# Data shown
++++++++++

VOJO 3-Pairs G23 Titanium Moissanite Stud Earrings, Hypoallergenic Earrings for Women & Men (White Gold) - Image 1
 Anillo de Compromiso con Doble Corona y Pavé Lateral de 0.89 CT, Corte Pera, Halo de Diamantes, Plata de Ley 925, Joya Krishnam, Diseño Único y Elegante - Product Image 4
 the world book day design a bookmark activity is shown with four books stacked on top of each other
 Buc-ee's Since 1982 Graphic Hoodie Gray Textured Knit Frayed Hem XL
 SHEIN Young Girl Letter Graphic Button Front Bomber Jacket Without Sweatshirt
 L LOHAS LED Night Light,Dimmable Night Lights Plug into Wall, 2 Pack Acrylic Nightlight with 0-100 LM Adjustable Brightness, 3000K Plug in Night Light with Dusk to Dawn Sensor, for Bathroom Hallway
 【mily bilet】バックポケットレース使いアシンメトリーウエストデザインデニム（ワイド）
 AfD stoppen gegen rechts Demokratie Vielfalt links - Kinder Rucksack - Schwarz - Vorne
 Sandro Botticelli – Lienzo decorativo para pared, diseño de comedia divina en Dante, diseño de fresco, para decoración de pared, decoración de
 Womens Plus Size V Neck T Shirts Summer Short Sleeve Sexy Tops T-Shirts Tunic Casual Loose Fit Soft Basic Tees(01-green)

++++++++++

Work out how many lines in this data contain "Graphic". Only that number should be given.

# Result
2